The mystery of the true identity of Satoshi has all of the ingredients of a high tech thriller and so is much loved by the press. There have been numerous articles claiming to have “found” Satoshi and even speculation that Wright is the man has been around a while. When it first surfaced in December of last year, I wrote here that I didn’t believe he was the one, and, in a way, hoped he wasn’t. At the time I wrote that
“If Satoshi is outed then whoever it may be will have an outsized influence in any future decisions such as the imminent one on how to increase the transaction capacity to deal with growing demand. Thus, a concept based on collective decision making will begin to resemble more conventional currencies, only with a one man central authority.”
That fear, that if the creator of Bitcoin became known, part of the essence of the project would be lost, and that it could become even less democratic and decentralized than traditional currency, surfaced again as I read the interviews on Monday.
Wright said that he would be giving incontrovertible proof of his claim by moving some of the Bitcoin that Satoshi still had control over. Curiously though, just a couple of days later he backed down, saying that he no longer “had the courage” to go through with it.

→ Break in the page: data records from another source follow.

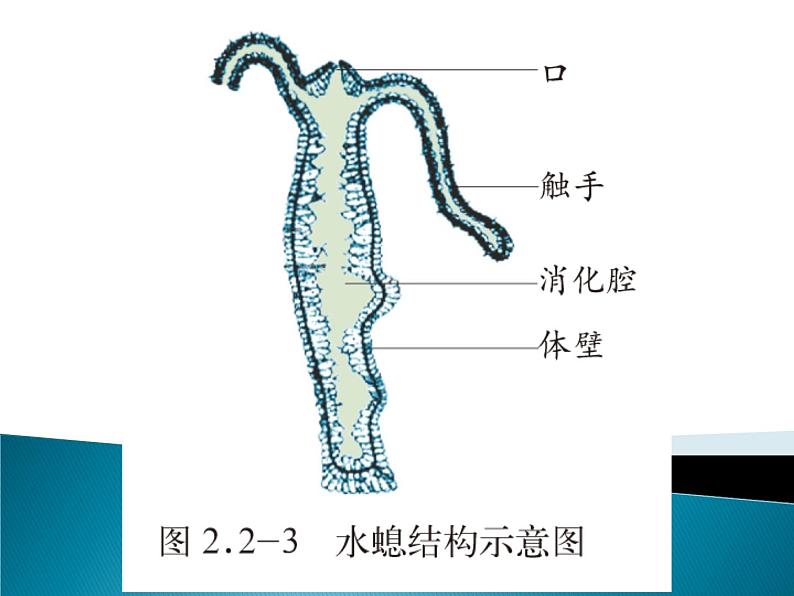 2.2.1《无脊椎动物的主要类群》课件06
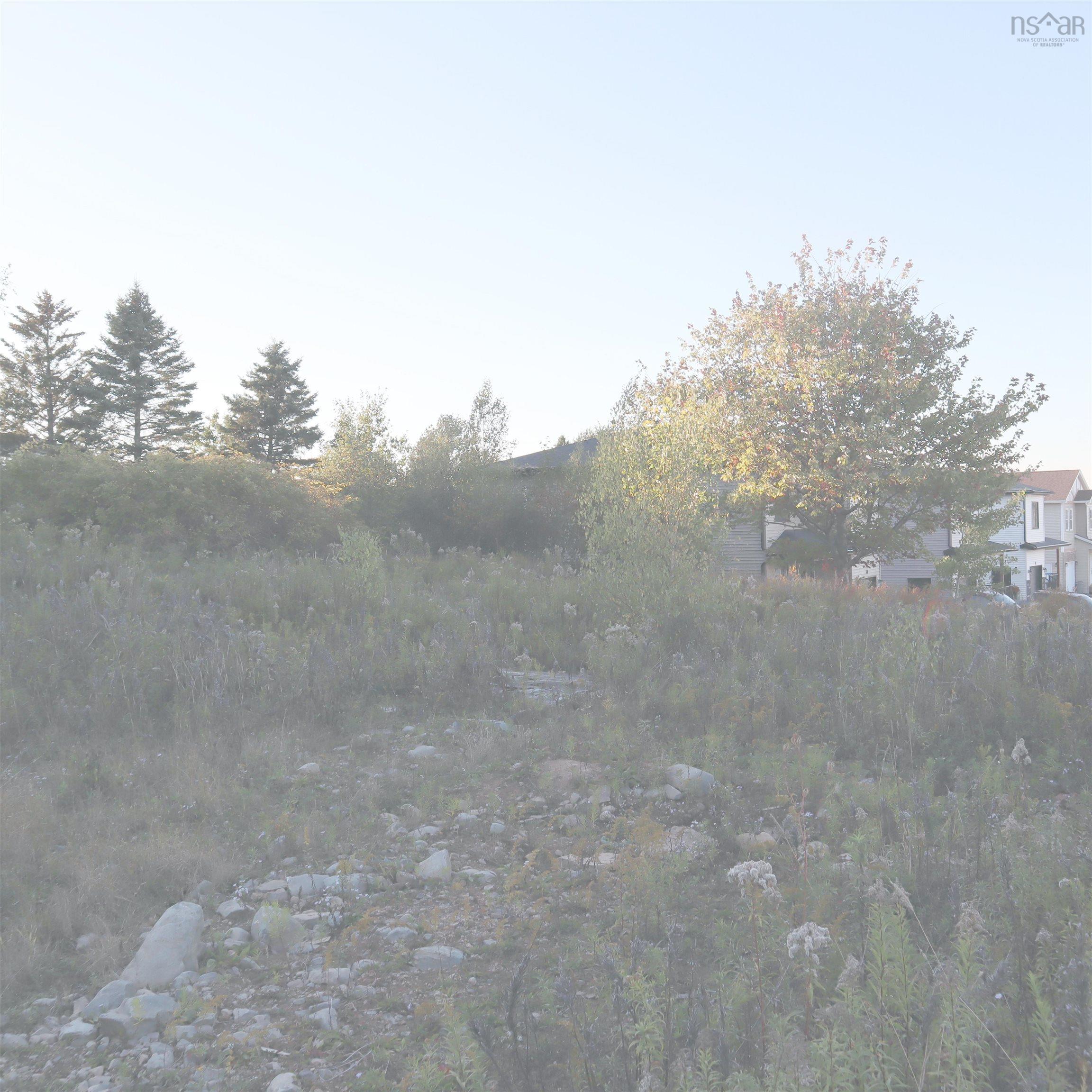 Lot 314 44 Poonam Court, Dartmouth, NS (MLS 202524693)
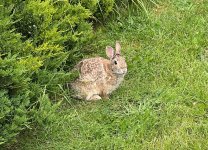 IMG_2401.jpeg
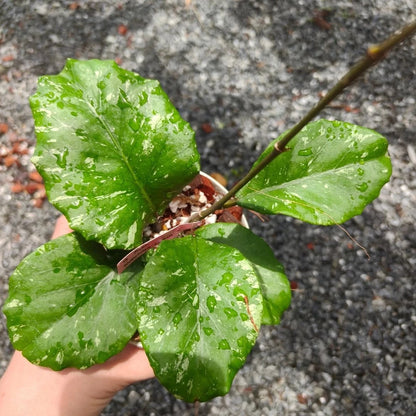 Rare Hoya sp. Aceh 'Manohara' Live Plant - Premium Exotic Tropical Fragrant Wax Plant
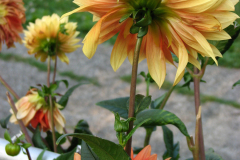 1_Dahlias-8-08-93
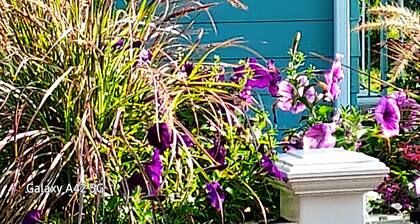 Charming 1-bedroom cottage on Lake Lashaway in East Brookfield.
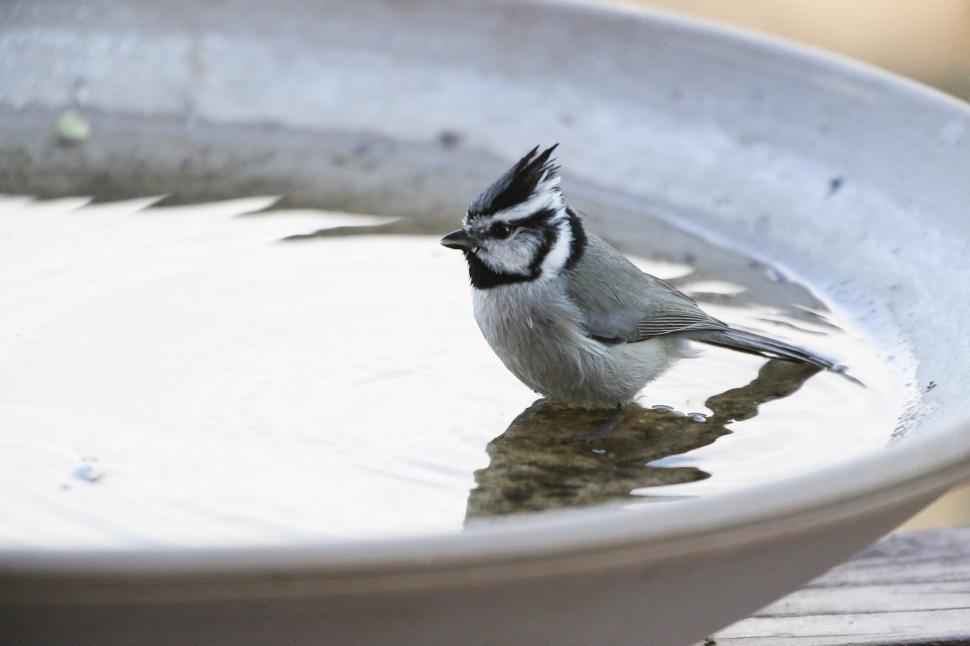 Free Image of Small wild bird 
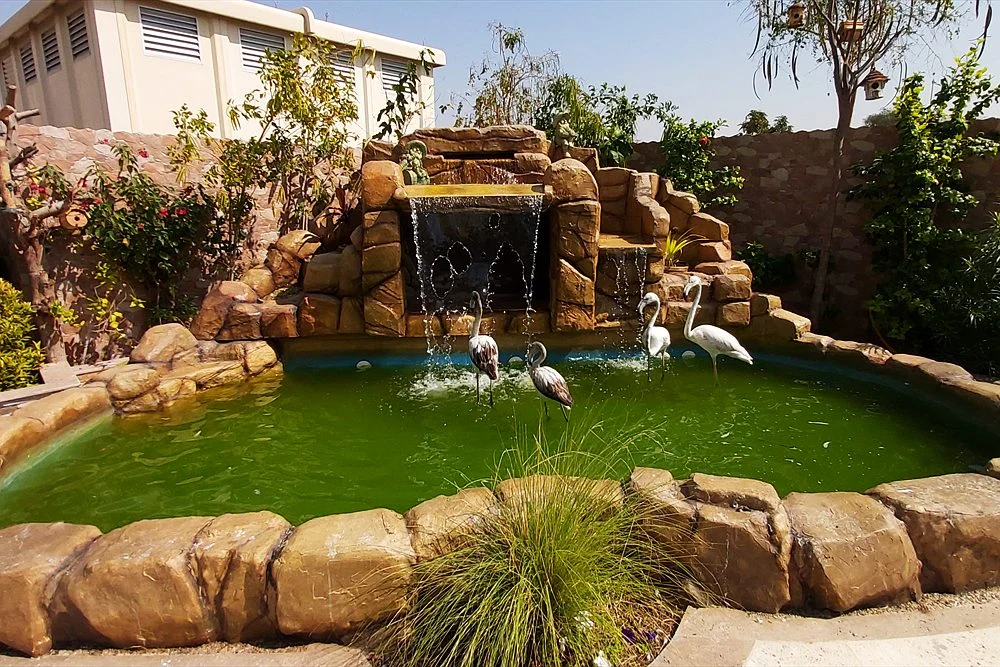 Koi Pond Cost in Dubai: Build Price and Running Costs 1 Rock waterfall pond in a villa courtyard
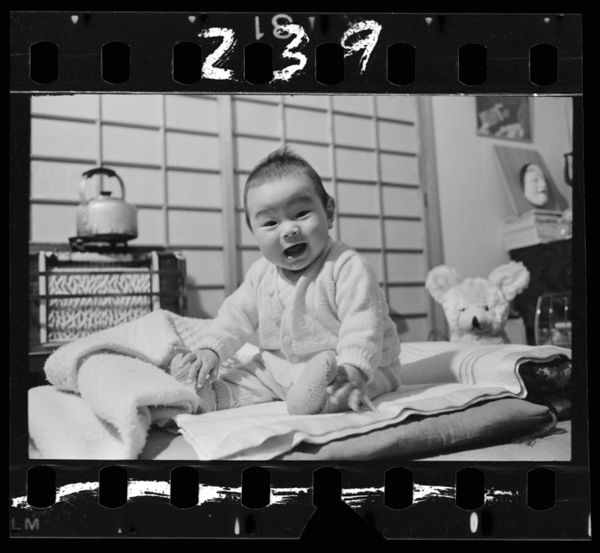 Nihyakusanjuukyuunichi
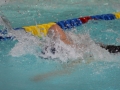 IMG_3434 (800x533)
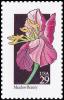 Colnect-5103-780-WildflowersMeadow-Beauty.jpg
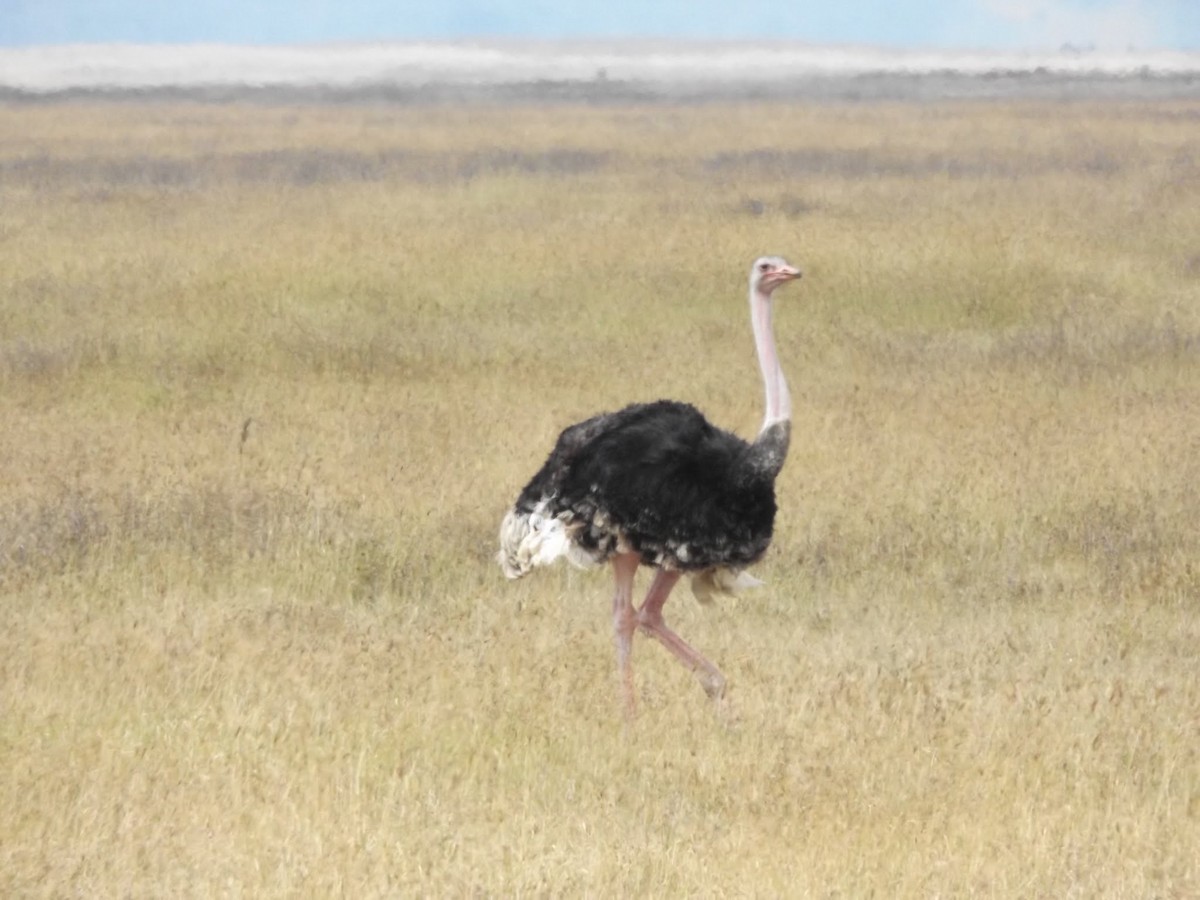 Common Ostrich - ML646484840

Maybe I am just a cynic, but that indicates to me that, as I felt back in December, the whole thing was bunk from the beginning. I am not sure what Wright’s motive could have been, but then nor do I really care. I am just happy that we are back to the state where, as a message originating from an IP address generally believed to be controlled by the real Satoshi Nakamoto said in December, “We are all Satoshi.”
While the press was busy with Wright’s claims, however, some things of actual import were happening. First, in an interview on CNBC, the presumptive Republican nominee for President, Donald Trump, stated that debt could always be “re-negotiated,” which in terms of sovereign debt amounts to a default, but that default wasn’t an issue when “you print the money.”
Polls show that he is unlikely to be elected and even if he does pull it off, I cannot see him actually taking the U.S. down the path of the Weimar Republic, Zimbabwe, Argentina or other victims of hyper-inflation. His comments, however, do illustrate one thing. A fiat currency is always vulnerable to bad policy, something unlikely with a peer to peer currency, where decisions are made collectively by those with a stake in maintaining the value.
Critics of Bitcoin maintain that that is of little use if the currency in question is not universally accepted, but the other news of significance, reported by NBC recently, takes us one step closer to that being the case. The town of Zug in Switzerland has announced that it will become the first municipality to accept Bitcoin in payment for some fees. It is not universal acceptance, of course, but it is a major step forward for crypto currency.
With currencies the best guide to the probable veracity of a story and its potential influence is the market reaction. When the Wright stories broke last week BTC/USD was around $445, and as I write today is approaching $454. The market, it seems, has spoken and sees the reminder that fiat currency is subject to the (sometimes questionable) wisdom of our leaders and the evidence of growing acceptance of Bitcoin as far more significant than the latest Satoshi story. We can only hope that things remain that way.